首都高速道路株式会社は、首都高でのETC専用化を推進するため、3月末に国土交通省や関係地方公共団体らとともに「第1回 首都高速道路ETC専用化連絡調整会議」を開催した。この会議では、ETC専用化が開始されてから2年間で起きた変化や、導入の進捗状況に、利用者の声などが共有された。 ■数値で見るETC専用化の効果 2020年2月に首都高で初めてETC専用入口を設けて以来、2022年4月までに計35カ所でETC専用入口を設置。1日あたりの通行台数は、日交通量の約15%にあたる約15万台が利用している。 ETC専用化は安全性の向上に大きく寄与している。
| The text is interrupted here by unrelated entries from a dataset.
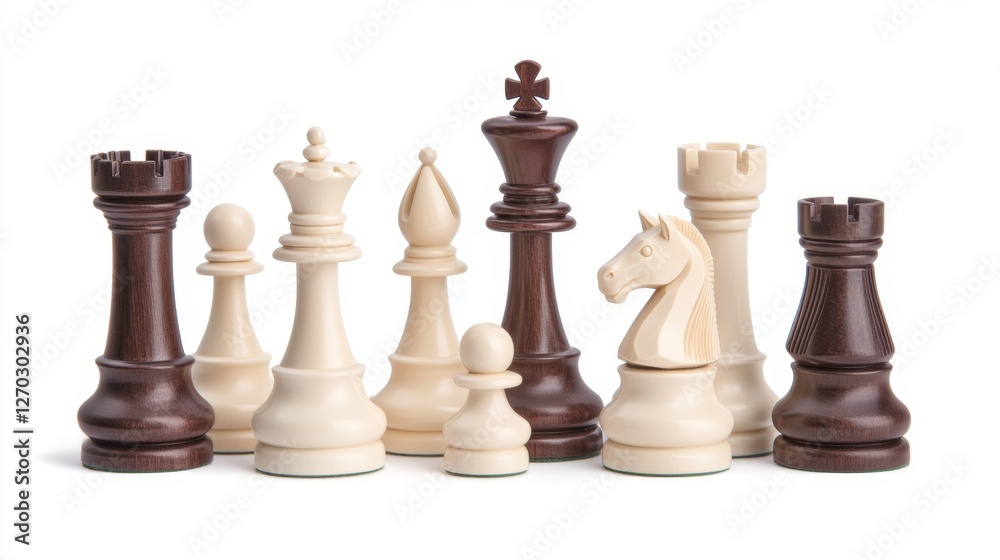 Isolated Chess Pieces on White Background for Creative Projects Isolated Chess Pieces on White Background for Creative Projects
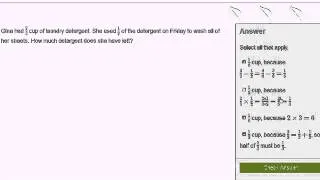 05   Multiplying fractions word problems   05   How much laundry detergent left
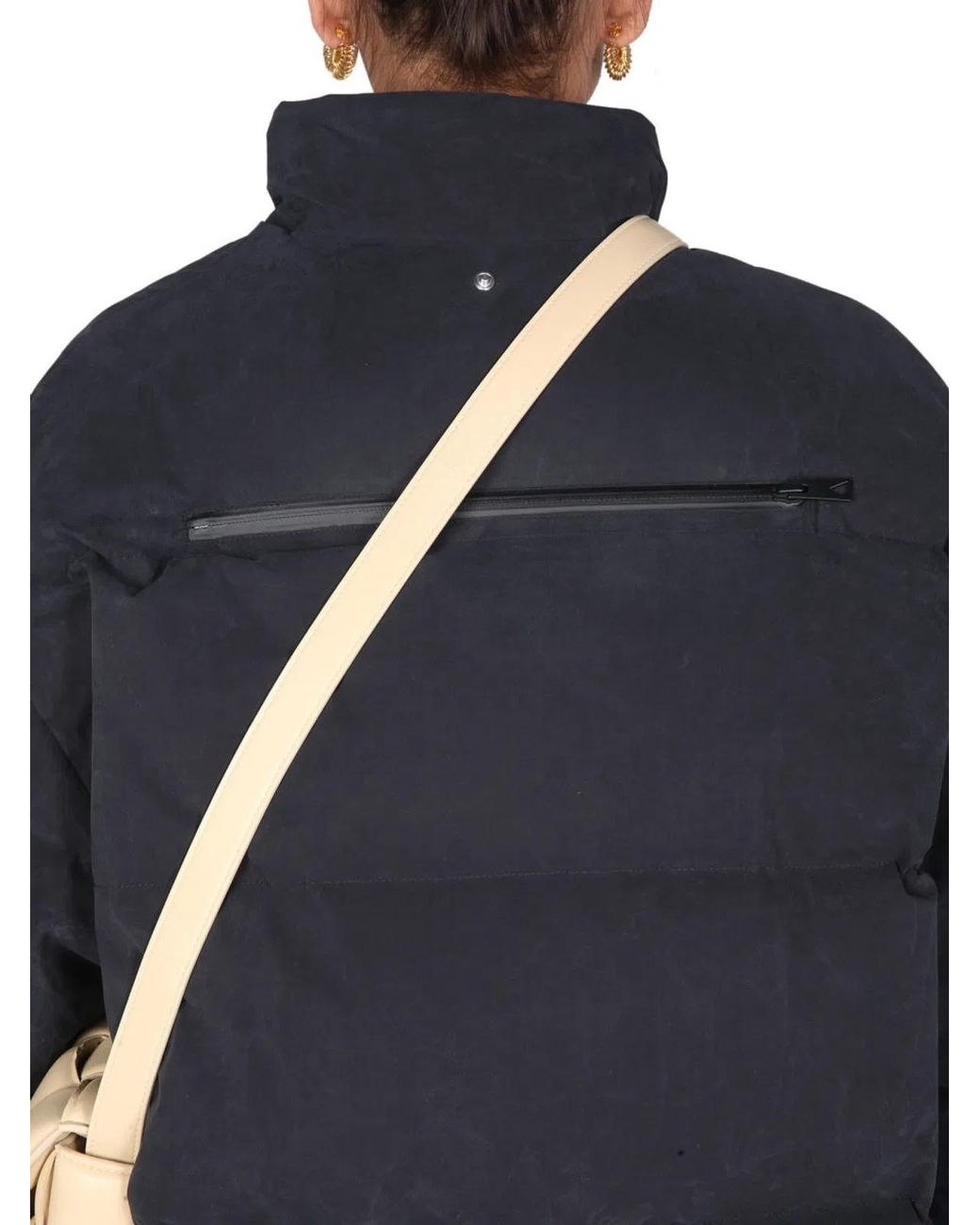 Bottega Veneta Blue Satin Poplin Hooded Down Jacket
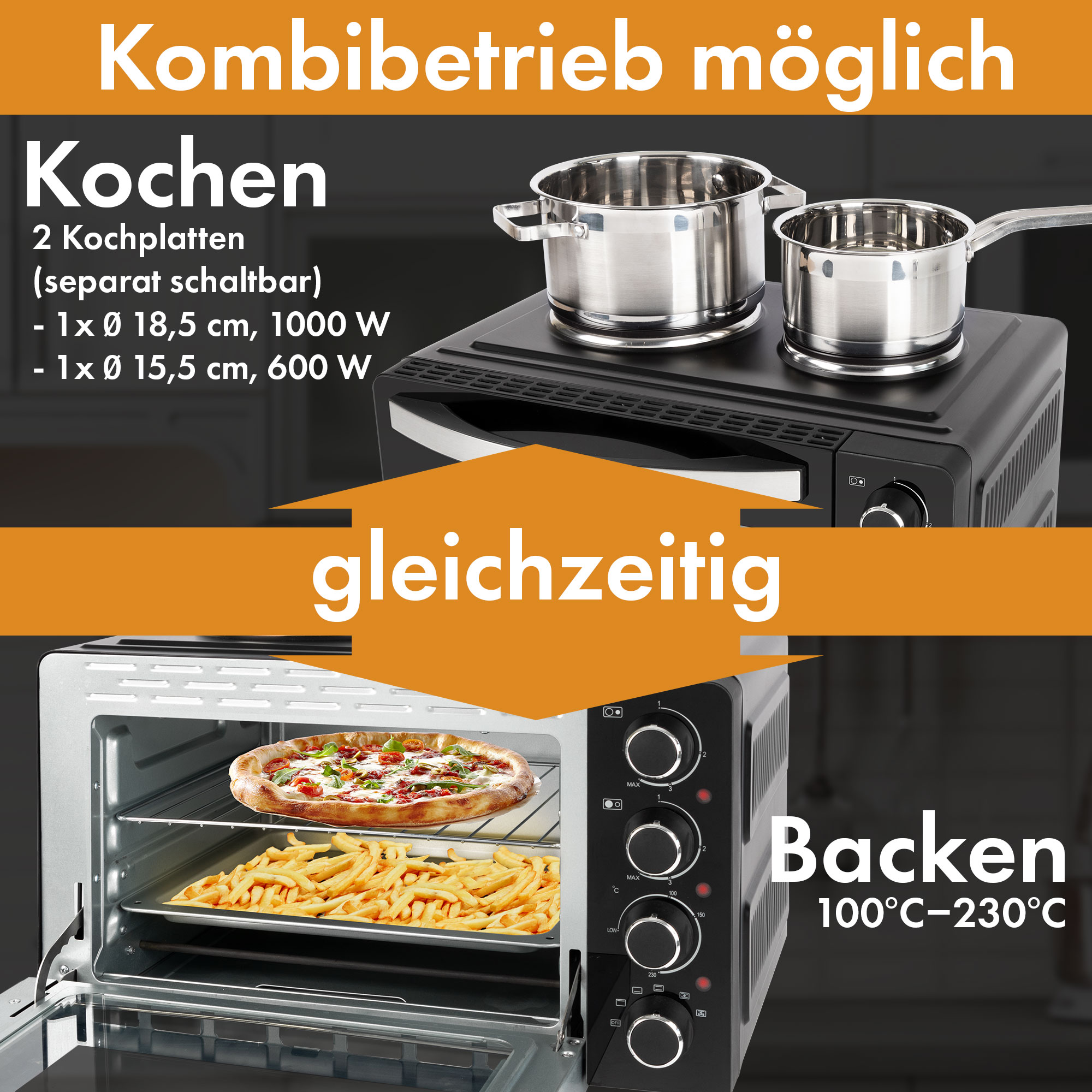 Ein Gerät mit Kochfeld und Backofen, das Essen zeigt, mit Text über das Kochen.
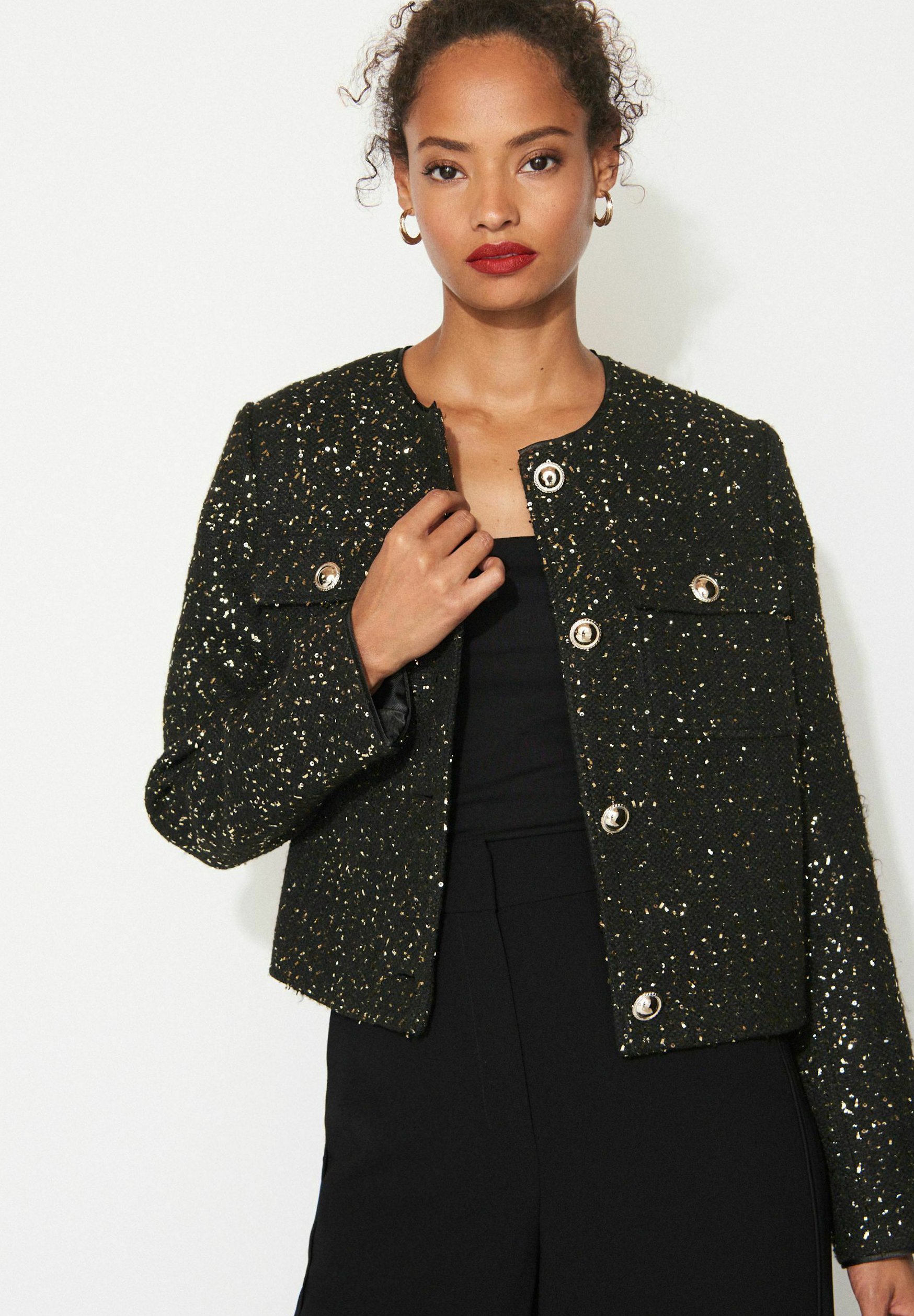 Zara Blazer Zara Boucle Jacke Zara Tweed Orange Boucle Blazer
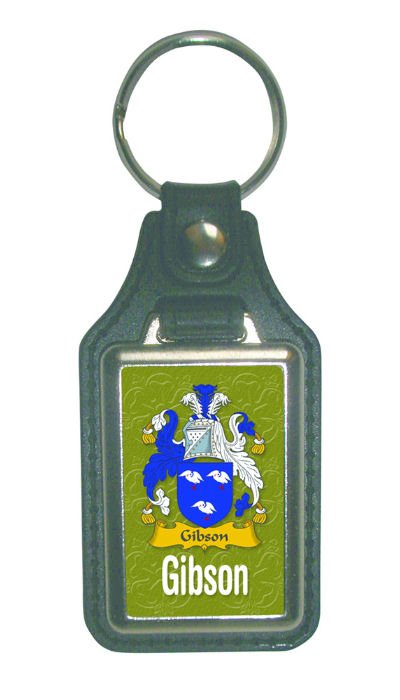 Image 1 of Gibson Coat of Arms English Family Name Leather Key Ring Set of 2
ETC専用料金所を設置して以降、ETC車と現金利用車の混在が減ったことで流れがスムーズになり、接触事故が25件から14件まで減少(※)。また現金利用車による一旦停止が減ったことで、追突事故は27件から18件まで減少したという。これは率直に素晴らしい効果と言えるだろう。 ※ETC専用化前後の1年8か月の期間に集計
ETC専用レーン利用者のこれまでの反応は?
では、ドライバーたちの使用感はどうなのだろうか? 2023年にETC専用入口に対する顧客満足度調査が実施されたので、回答した9372人の利用者たちの意見を確認してみよう。 まず、ETC専用化について、「満足している」が64.0%、「どちらでもない」が24.8%、「不満」と感じている人は8.1%という結果となっている。肯定的な意見は、スムーズに通れることや、渋滞緩和に繋がっていること、人件費のコストカットになる、といったコメントが挙がっている。逆に否定的な意見は、緊急時に係員がいないので不安だと感じた人や、代車やレンタカーなどでは利用できないと感じた人、周知が足りず、ルールが分からないと感じた人の意見もあったようだ。 実際、ETC専用入口への“誤進入”は、現在も1カ月あたり1.5万台にも上るという。その大半はETC専用入口を初めて利用する人や、レンタカー利用者だそうだ。普段から運転する人にとっては、路面や看板に描かれた“紫色”が視野に入っていれば、それがETC専用を意味していると気づくはずだが、外国人利用者を含め、見慣れない人には判断が難しいということだろう。 首都高速ではこのように誤進入した場合の対応として、料金所に「サポートレーン」を併設している。インターフォンやカメラで利用者の連絡先・免許証を確認後、ドライバーは後日「支払チラシ」を受取り料金を支払うことになっている。 しかし、誤進入の事後処理は複雑(カードの期限切れ、挿し忘れ、現金で払えると勘違い、外国人相手、常習犯などで対応が異なる)であるため、係員への負担が大きくなる問題も新たに浮上しているという。この問題に対し、首都高速道路では、路面への紫色のカラー舗装や、横断幕、看板などでの案内や、遠隔オペレーションの円滑化に向けた取組みを実施し、今度はさらに不正通行の取締まりも強化していく予定だ。